Attitudes and Behaviors

  1. Compassion and empathy in caring for patients.
  2. Integrity and honesty at all times.
  3. Respect for the patients autonomy, privacy and dignity at all times.
  4. A commitment to promote and advocate healthy lifestyles for patients, family and community.
  5. A commitment to provide care to patients who are not able to pay.
  6. A commitment to advocate the interest of patients over his/her own interests.
  7. An awareness of limitations in knowledge and skills and a commitment to continuously improve them.
  8. A commitment to conduct patient-centered care.
  9. A commitment to work collaboratively with all healthcare professionals, ancillary personnel, and basic and clinical scientists.
  10. An awareness of the economic, psychological, occupational, social and cultural factors that contributes to the impairment of health.

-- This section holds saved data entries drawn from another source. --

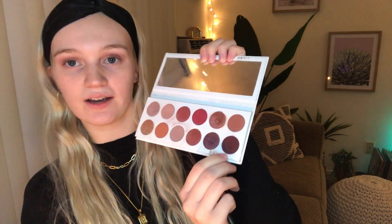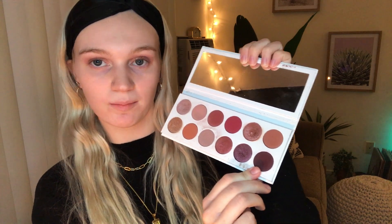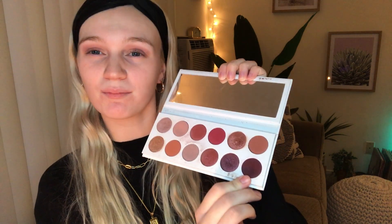The next shade we're gonna do is this dark color right here — it's like a dark purpley shade, it's like plum. It's super gorgeous, I love this shade.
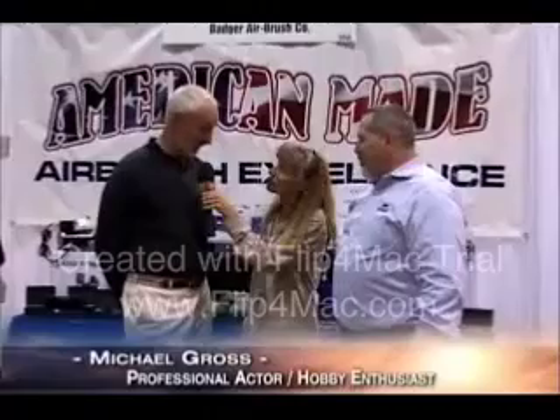Most people know me as part of the Family Ties family, but I'm also part of the modeler family — specifically railroad models. For years I have used airbrushes for painting and weathering models. I'm here to say it's not as difficult as people think it is. It's a great part of the hobby. Even if you buy ready-to-run kits, you can finish them to make them far more realistic with airbrushing — just fading paints or putting special effects on them.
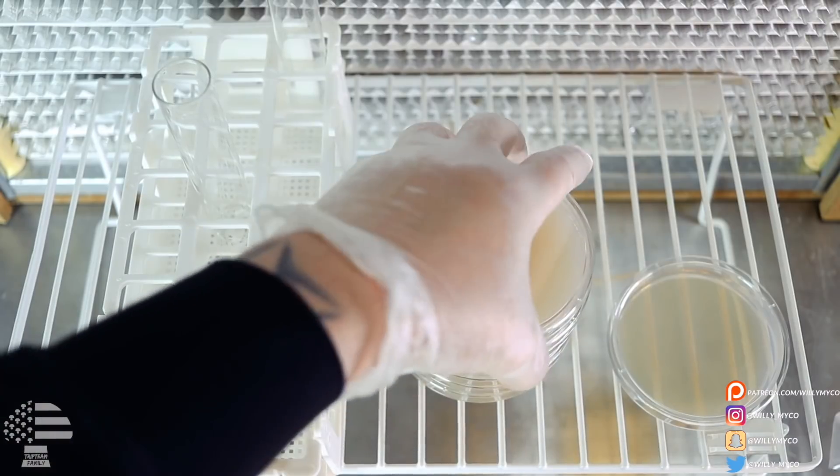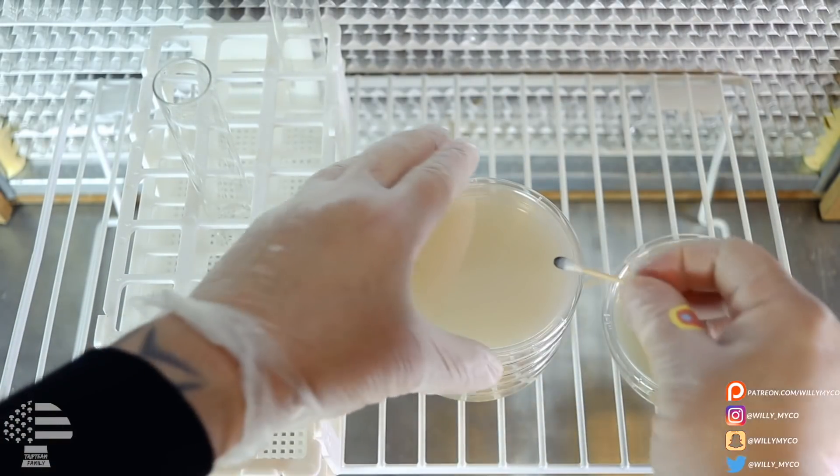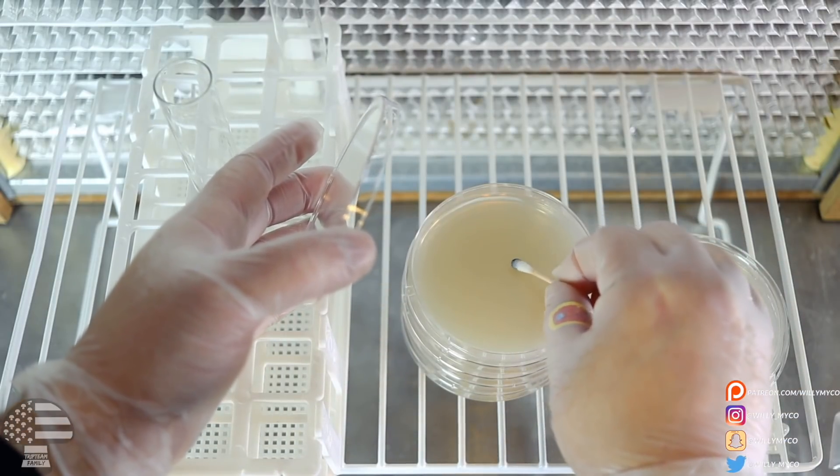Tip number five: when you guys start working in a sterile environment with a flow hood, just because you have a flow hood doesn't mean all your contamination problems go away. There's a proper method to using one. You always want to work center mass of the filter — work directly in the center, which is the cleanest area. You'll see people using a rack to elevate their workstation right in front of the flow hood. As you move left, right, up, or down, it gets less sterile. The center is always the cleanest area to work from.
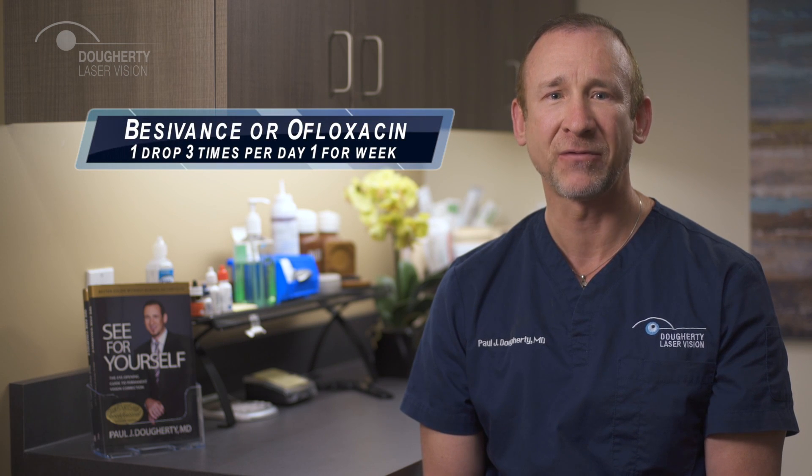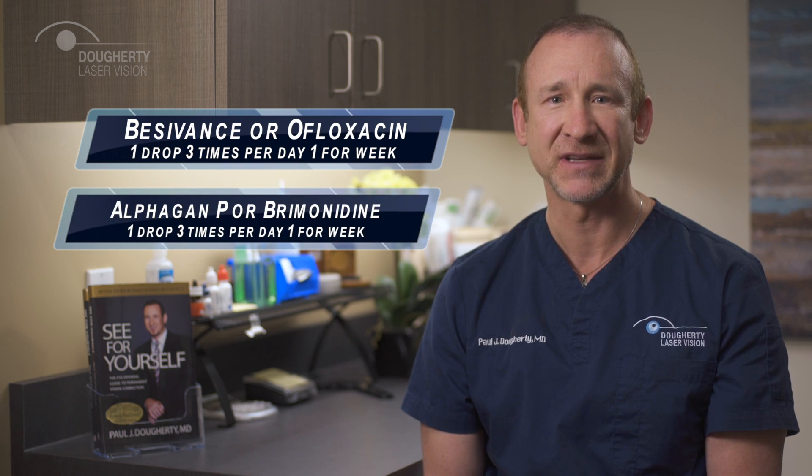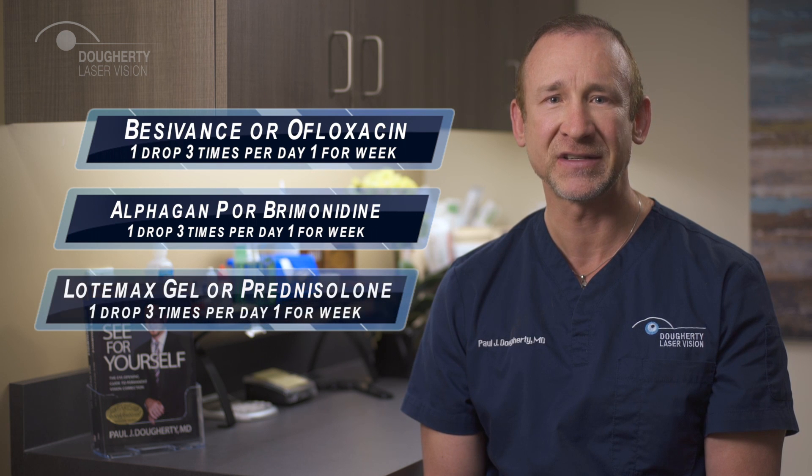Next, we're going to discuss your medications after surgery. These should be started three or four hours after the surgery is over. You'll take an antibiotic — either Besivance or Ofloxacin — one drop three times a day for a week. Alphagan-P or Brimonidine should be used three times a day also for a week, and also a steroid — either Lotemax gel or Prednisolone — one drop three times per day for a week.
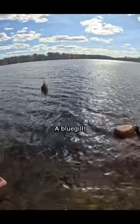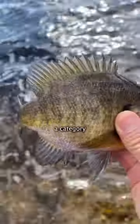That's another fish. What is this? A bluegill. I had caught an aggressive bluegill. They're part of a category of fish called panfish, and you can probably guess why they have that name.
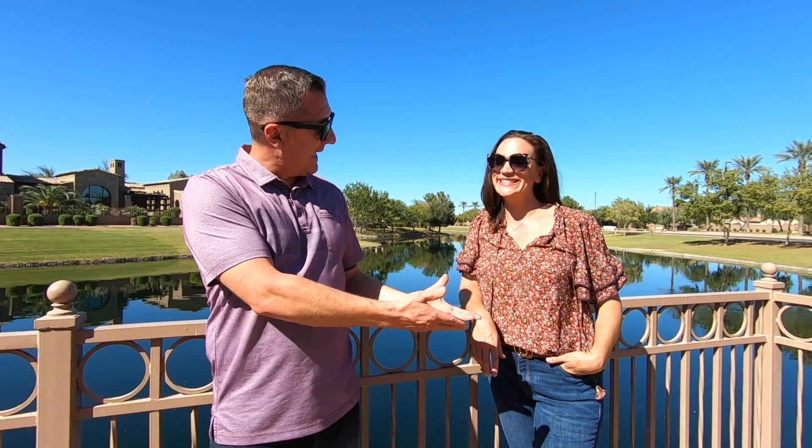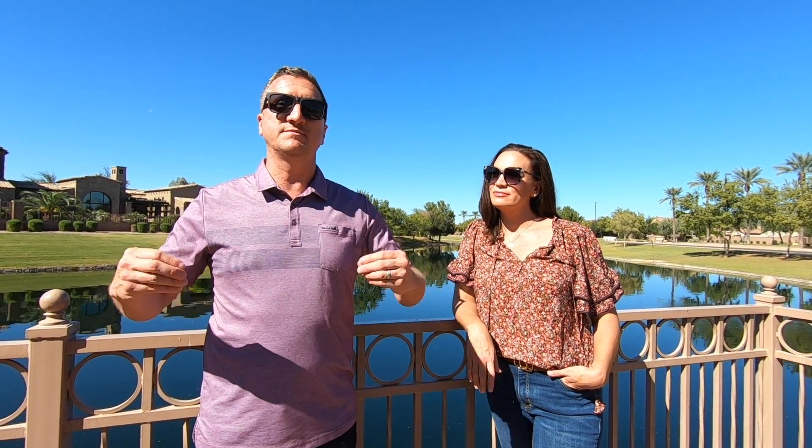Hey guys, Jonas and Ashley here. Welcome back to Vacation Rental 101 — all things vacation rentals and second homes here in the Phoenix metro area. Please like and subscribe — people don't know about us, so make sure you're subscribing so we can continue to provide this great content for you guys.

  11. An awareness of the human, physical and economical resources available for patient care.
  12. A commitment to provide the best care possible for all patients regardless of race, gender, sexual preference, ethnicity, age, economical status, religious or political preferences.
  13. A commitment for prevention and promotion of health.


  1. The ability to obtain a culturally sensitive and accurate medical history including issues related to age, gender, gender identity, sexuality and socio-economic status.
  2. The ability to perform a complete and problem-specific physical examination including the mental status exam.
  3. The ability to perform routine technical procedures.
  4. The ability to use clinical reasoning to solve problems and to construct appropriate management strategies, including interpretation of commonly used diagnostic procedures.
  5. The ability to identify risk factors for disease or injury and to define the appropriate treatment strategies.
  6. The ability to recognize and provide initial management to patients with immediate life threatening conditions.
  7. The ability to communicate and educate effectively, both orally and in writing, with patients, families, colleagues, and others.
  8. The ability to provide education on health promotion and healthy lifestyles.
  9. The ability to exhibit tolerance towards the values and beliefs of patients, and respect to patient autonomy.
  10. The ability for self-education.
  11. The ability to work effectively as a member of an interdisciplinary health care team.
  12. The ability to retrieve, manage and utilize Evidence-Based –Medicine for decision making regarding patient care.
  13. The ability to recognize and manage the threats posed by conflicts of interests involved in various arrangements for the practice of medicine.